EXERCISE DESCRIPTION
Below are the records; give again exactly the lines from the one containing "Brasscraft safety+plus 5/8" through the one containing "Paltò Man Coat", leaving out pictures.

INFORMATION SHOWN
──────
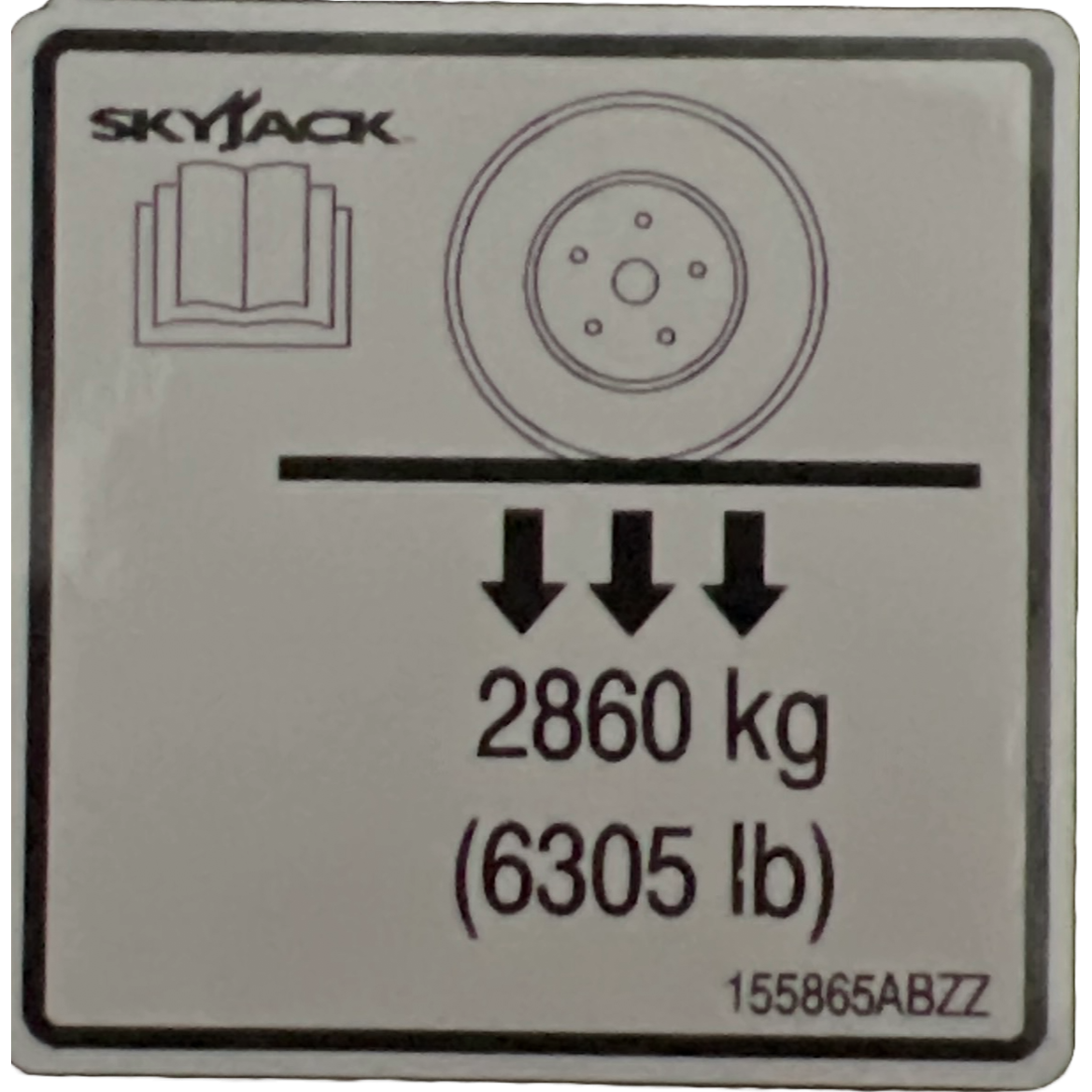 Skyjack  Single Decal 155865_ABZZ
──────
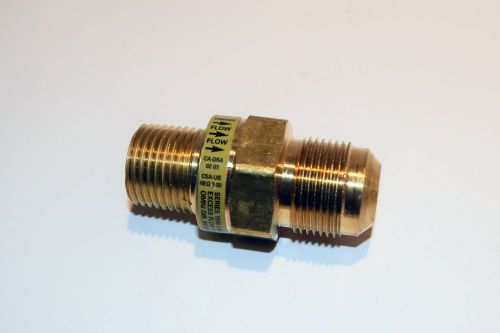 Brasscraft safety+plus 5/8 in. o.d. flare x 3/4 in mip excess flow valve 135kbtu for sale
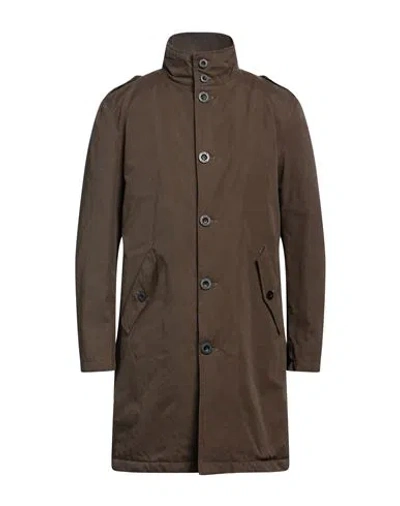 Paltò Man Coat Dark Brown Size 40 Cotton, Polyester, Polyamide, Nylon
──────
ANSWER TO THIS EXERCISE
 Brasscraft safety+plus 5/8 in. o.d. flare x 3/4 in mip excess flow valve 135kbtu for sale
 Paltò Man Coat Dark Brown Size 40 Cotton, Polyester, Polyamide, Nylon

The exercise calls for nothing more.